Let’s be real, sis—the rumors are true. Gay bars are no longer just for the gays. Whether it’s Drag Race on the flatscreens, Britney blasting from the DJ booth, or glitter confetti still stuck to the bathroom mirror from last weekend, straight girls have officially joined the party. And honestly? We love that for you. But before you strut in like it’s your personal runway, there are a few things you need to know.

This isn’t just another night at the same ol’ sports bar where Chad buys your rosé. Gay bars are sacred spaces. They’re where we’ve protested, performed, made out with strangers, cried over exes, and celebrated our queer joy. And if you’re stepping into our house, we’re going to need you to take your shoes off, metaphorically speaking.

So if you’re planning your next GNO at the gayborhood’s finest spot, here are 5 tips straight girls in gay bars need to commit to memory.

1. You’re Not the Main Character Tonight—And That’s Okay

We get it. You’re fabulous. That outfit is doing the most, and your contour is popping. But just because you’re used to being the center of attention at your usual spot doesn’t mean you’ll be the star of this show. In fact, you’re more likely to blend in next to a drag queen wearing six-inch heels, a lace bodysuit, and a wig that cost more than your monthly rent.

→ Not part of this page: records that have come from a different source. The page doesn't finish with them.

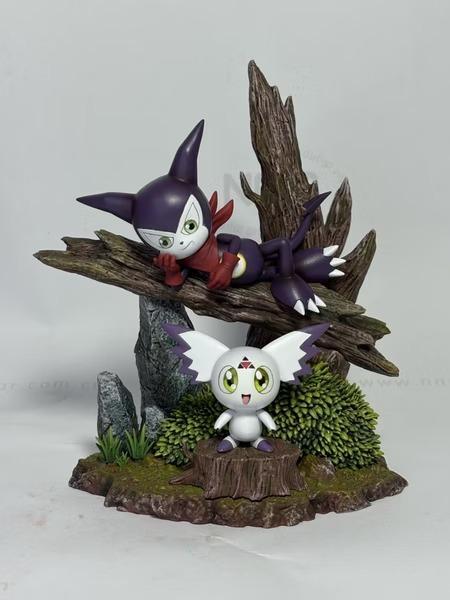 【預購】Slash MH比例 古樂獸 & 小妖獸 數碼寶貝 馴獸師主角團 第二彈 Slash MH比例 古樂獸 & 小妖獸 數碼寶貝 馴獸師主角團 第二彈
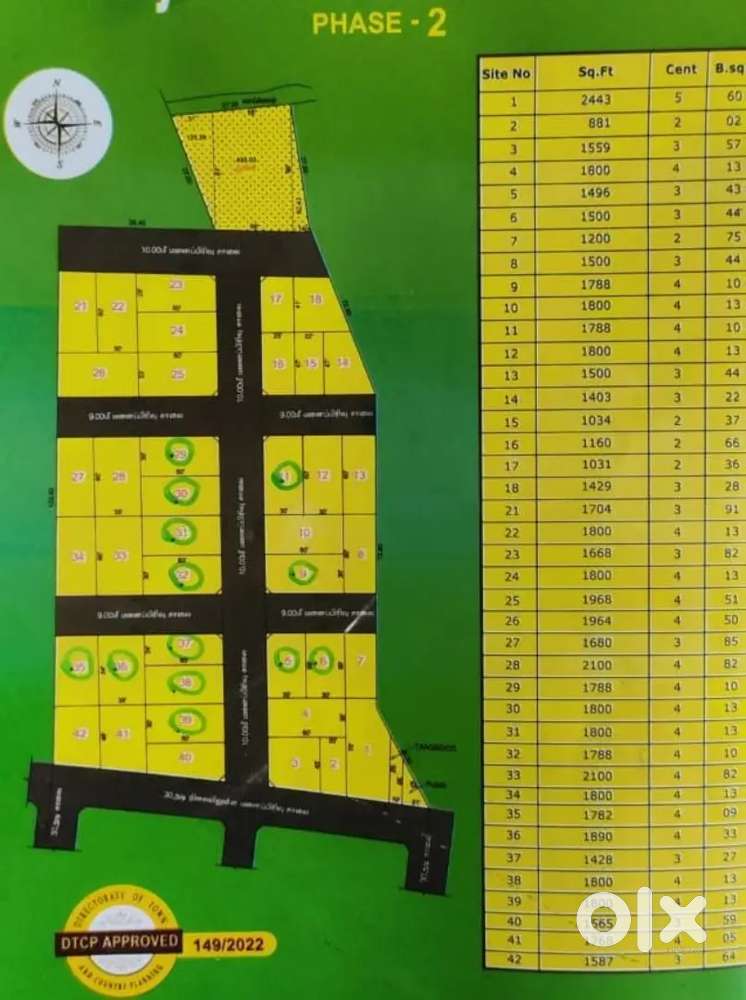 Corner site Pollachi to Coimbatore road  Disha School  Subhash college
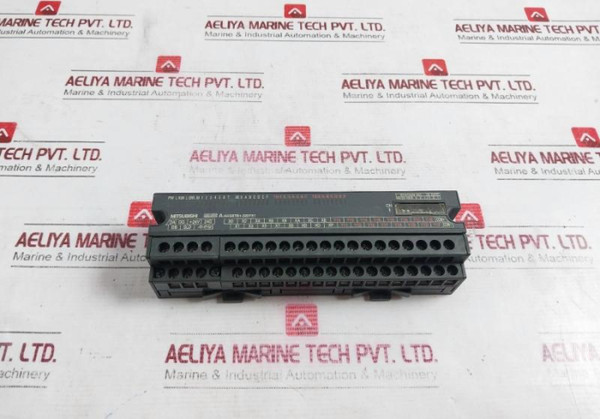 Mitsubishi Electric Melsec Aj65Sbtb1-32Dte1 Cc-link Input/Output Unit 24Vdc 7Ma - Used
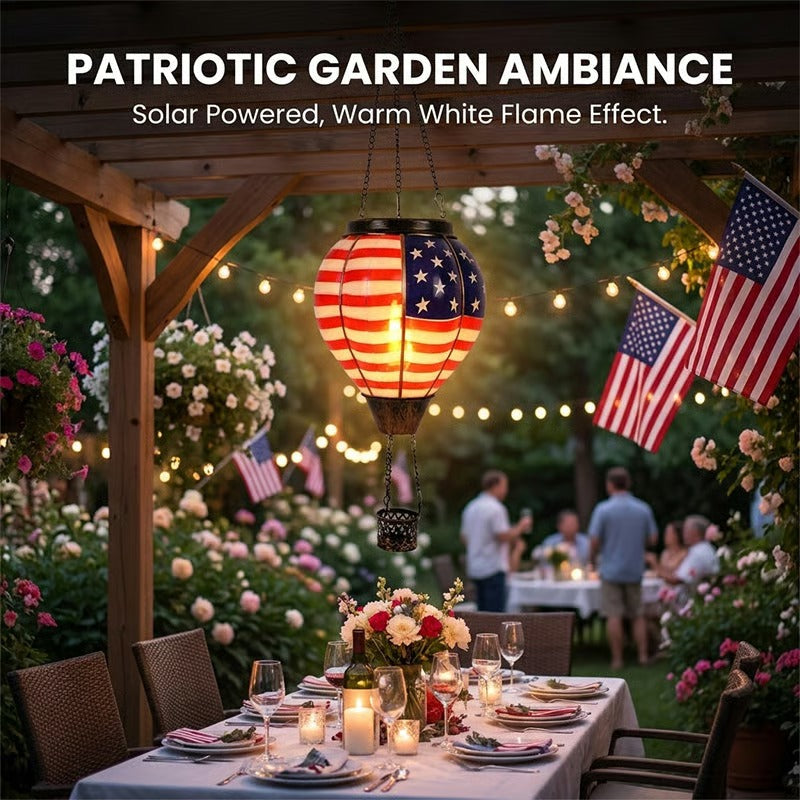 250th Anniversary Solar Hot Air Balloon Lantern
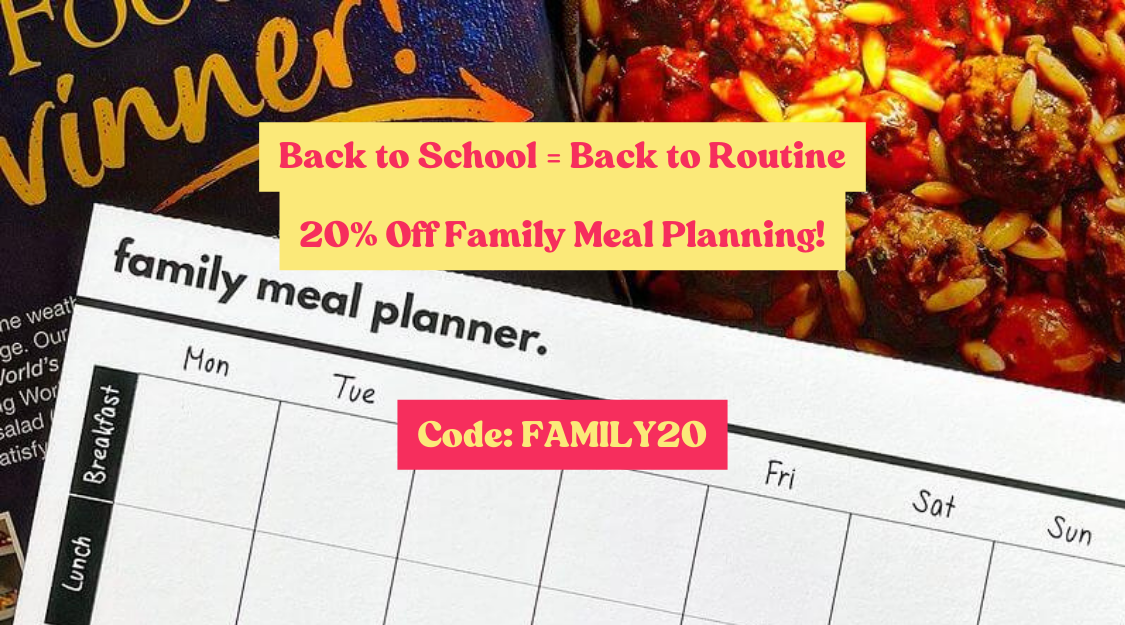weekly meal planner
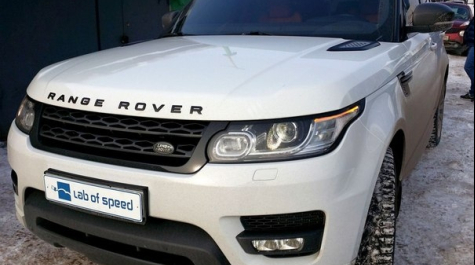 Чип-тюнинг Land Rover Range Rover 5.0 Supercharged 510hp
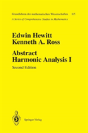 Abstract Harmonic Analysis - Preview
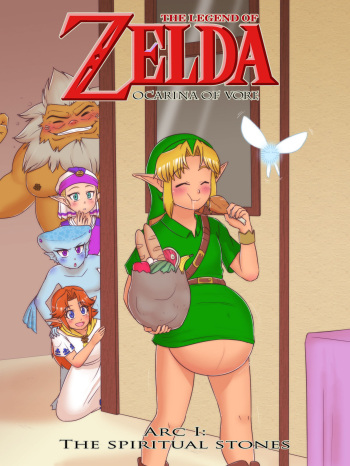 Ocarina of Vore cover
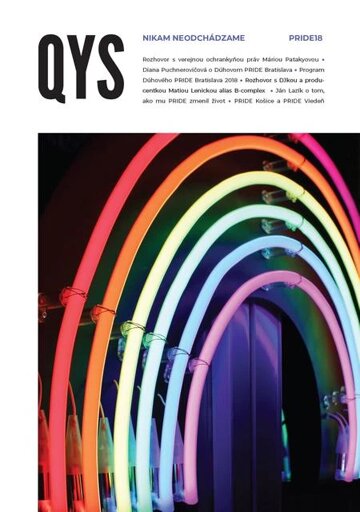 Obálka knihy Magazín QYS - Leto 2018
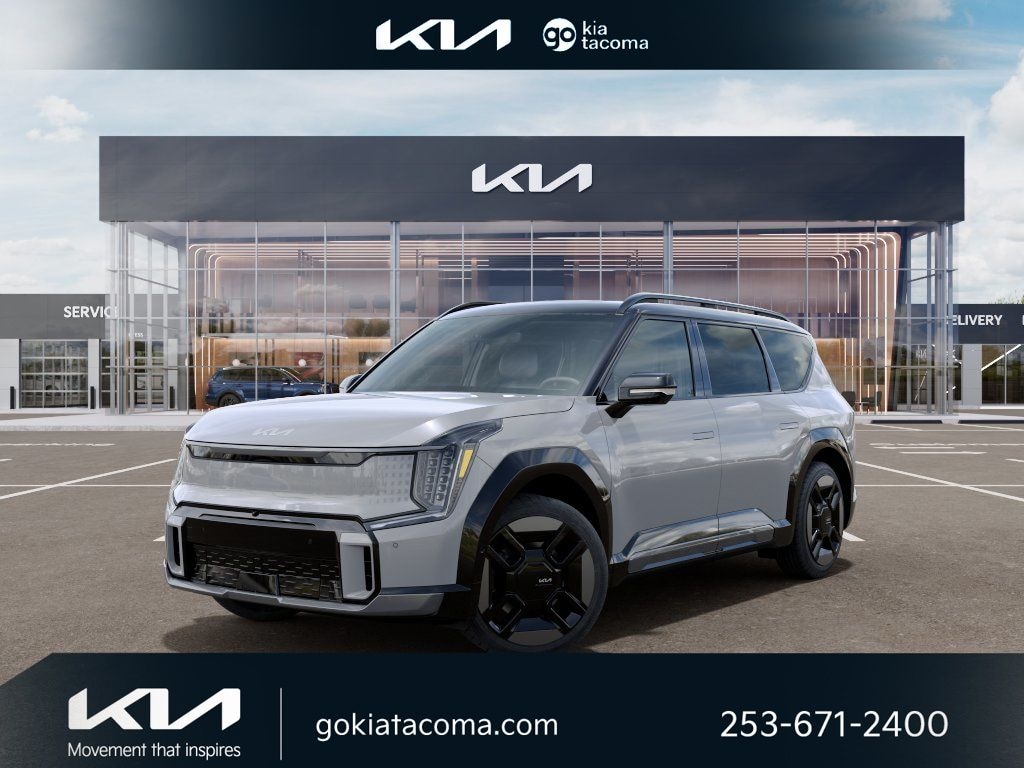 New 2026 Kia EV9 GT-Line SUV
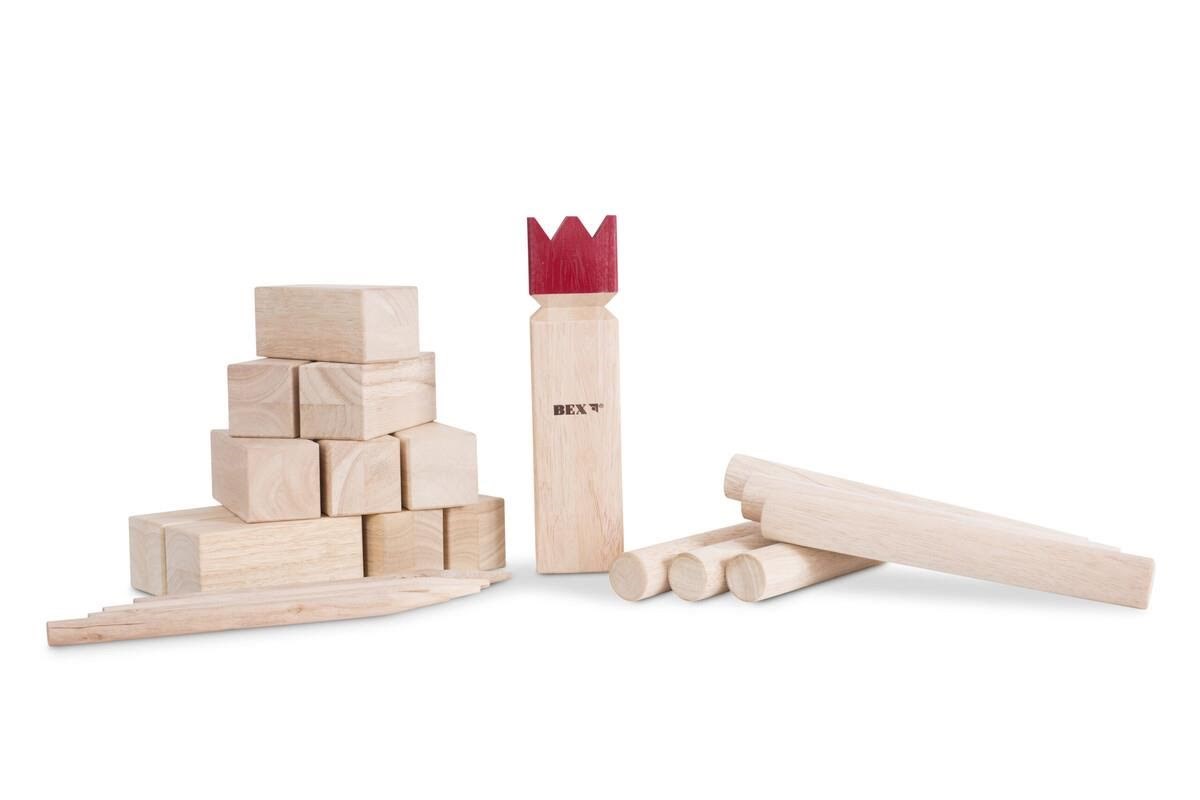 Bex Sport Bex Kubb Original Red king Udendørsleg 511-011-1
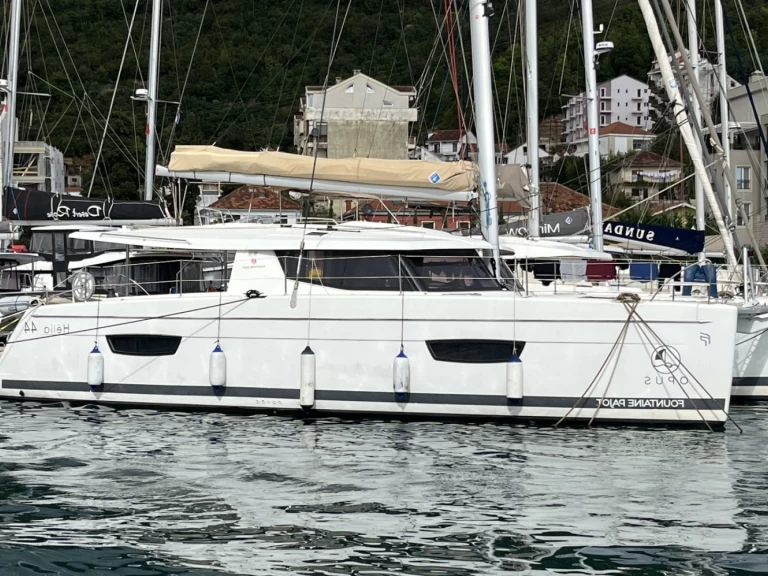 Alquiler de Catamarán, con o sin patrón Fountaine Pajot Port-de-Bouc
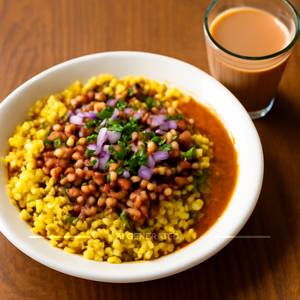 Moth Misal Poha [Full]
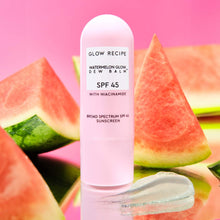 Load image into Gallery viewer, Watermelon Glow Niacinamide Dew Balm Face Sunscreen Stick- SPF 45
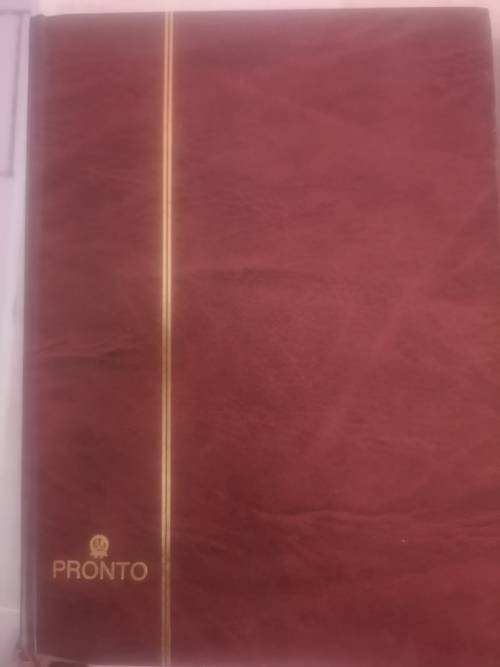 SWA - PRONTO BOOK FILLED WITH STAMPS. AS PER SCANS - UNCHECKED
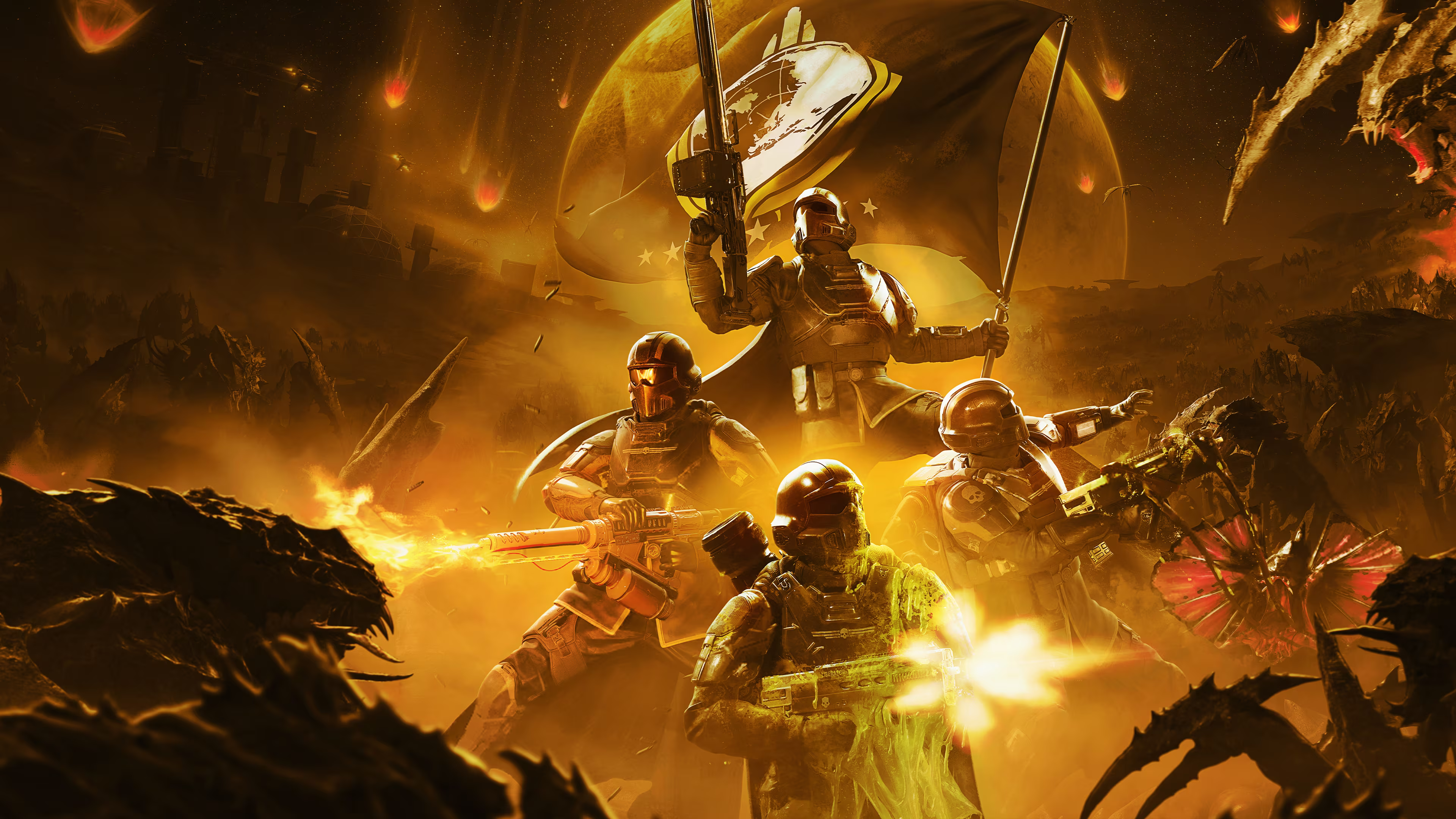 Helldivers 2 Over hire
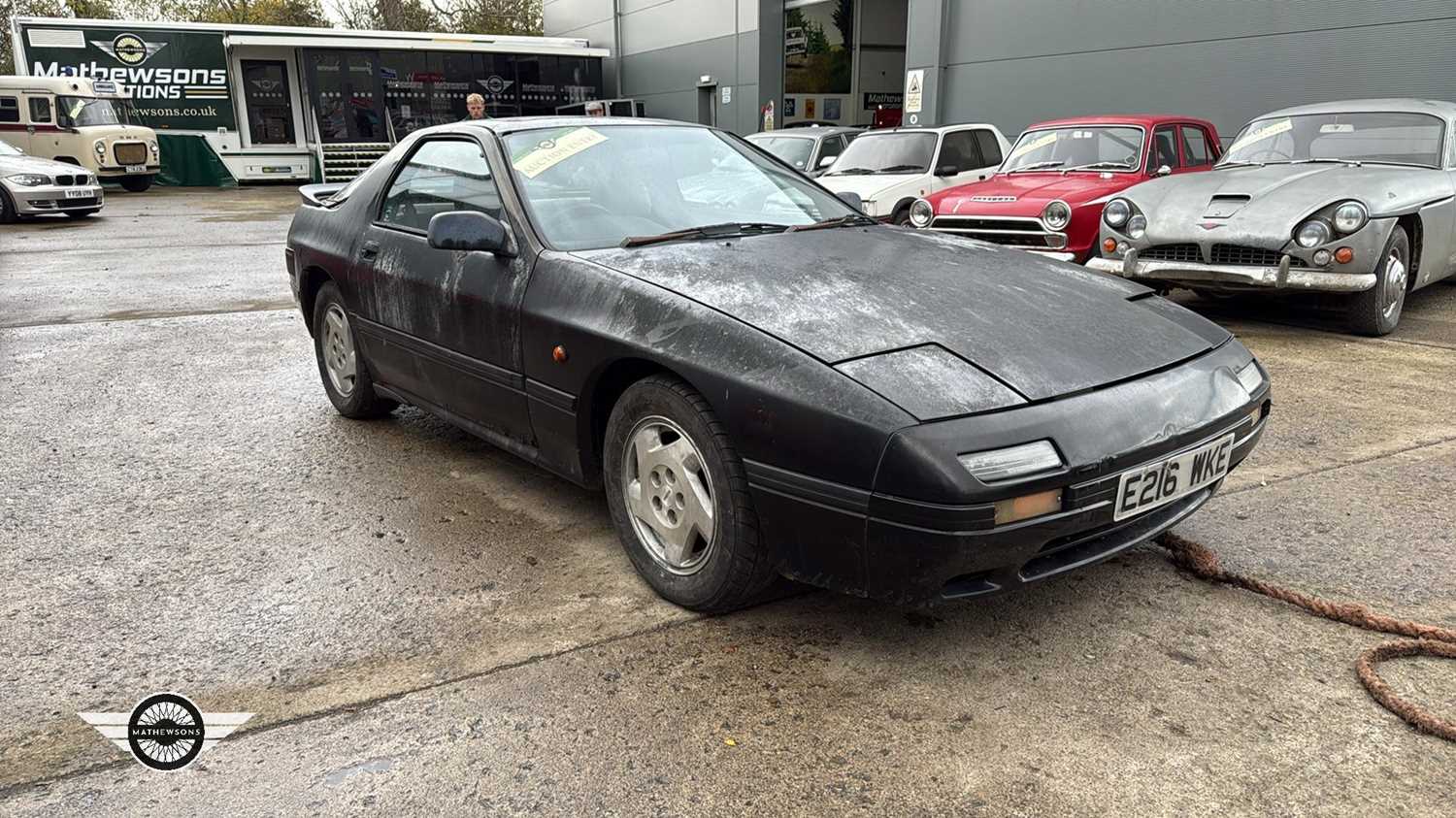 Lot 488 - 1988 MAZDA RX7 2
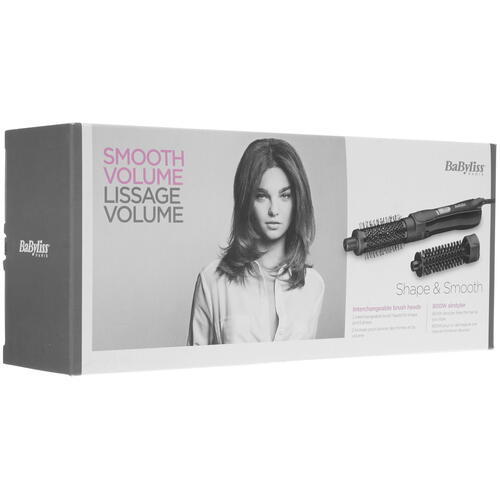 Купить Фен-щетка BaByliss AS82E черный  4701156. Характеристики, отзывы и цены в Донецке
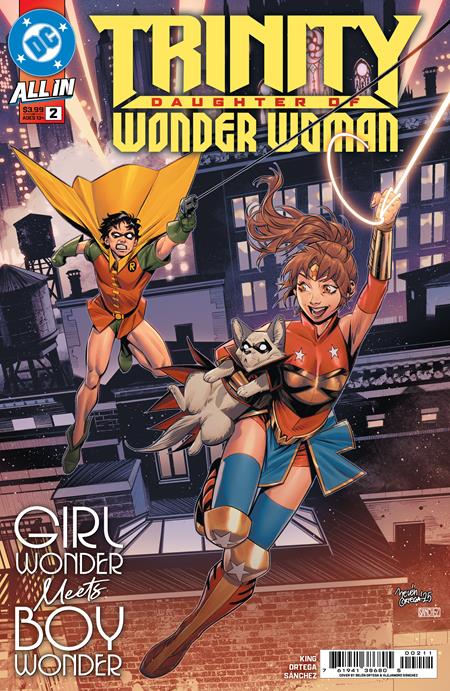 Trinity: Daughter of Wonder Woman #2 (of 6) (2025)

This isn’t the night for you to command the room. It’s the night to be a supporting cast member in your gay bestie’s main plot. Smile, sip your drink, and enjoy being in a space that isn’t about you for once.

2. You’re Paying for Your Own Drinks, Honey

We love you, truly. But gay bars aren’t the place to channel your inner flirty girl expecting free drinks just for showing up and tossing your hair. Your cute wink might get you a compliment, but it won’t get your tab covered.

In fact, many gay men are more likely to ask about your highlighter than offer to pay for your margarita. So do yourself a favor—bring your card, pack some cash, and keep it classy. That way, you can still tip the bartender who gave you that extra splash because he liked your vibe.

3. Be the Wing-Woman, Not the Vibe Killer

You’re there with your best gay, and he’s vibing with someone across the dance floor. This is not the time to hang onto him like a clutch bag. Let him mingle. Encourage him. Be his hype woman. If things are clicking, don’t block the blessing.

If you’re invited into the chat, great! But if not, give him space to flirt, connect, and maybe make out with someone who has an eyebrow piercing. You’re there to support, not sabotage.

4. Respect the Scene—and the Fantasy

Some gay bars are built for dancing. Some are for drag shows. Some are more leather harness, less crop top and cowgirl boots. And some, well… are for cruising, not cocktails.

Read the room. If your friends invite you to a spot that leans a little more risqué—like, say, a place named after the male anatomy—it’s okay to gracefully bow out. Not every queer space is designed for every guest. And that’s okay. Know when you’re welcome and when it’s time to peace out respectfully.

5. Ditch the Stereotypes and Bring the Energy

This isn’t Sex and the City, and no, ordering a cosmo doesn’t make you an honorary gay. What does? Being present, open, fun, and respectful. Skip the clichés and bring your authentic self.

Don’t gawk at drag queens like you’re watching a zoo exhibit. Don’t scream, “Yaaas queen!” every five minutes unless it’s warranted (and trust, you’ll know when it is). And please don’t ask someone if they’re a “top or bottom” five seconds after meeting them. That question expired in 2012.

Instead, show up, dance your heart out, tip your queens generously, and make unforgettable memories with your LGBTQ fam.

Final Thoughts for Our Favorite Straight Girls

We love that you’re out with us. We want you to feel welcome. But being a guest in queer spaces means knowing when to step back, when to hype others up, and when to just shut up and enjoy the show. If you can do that? You’re not just invited—you’re adored.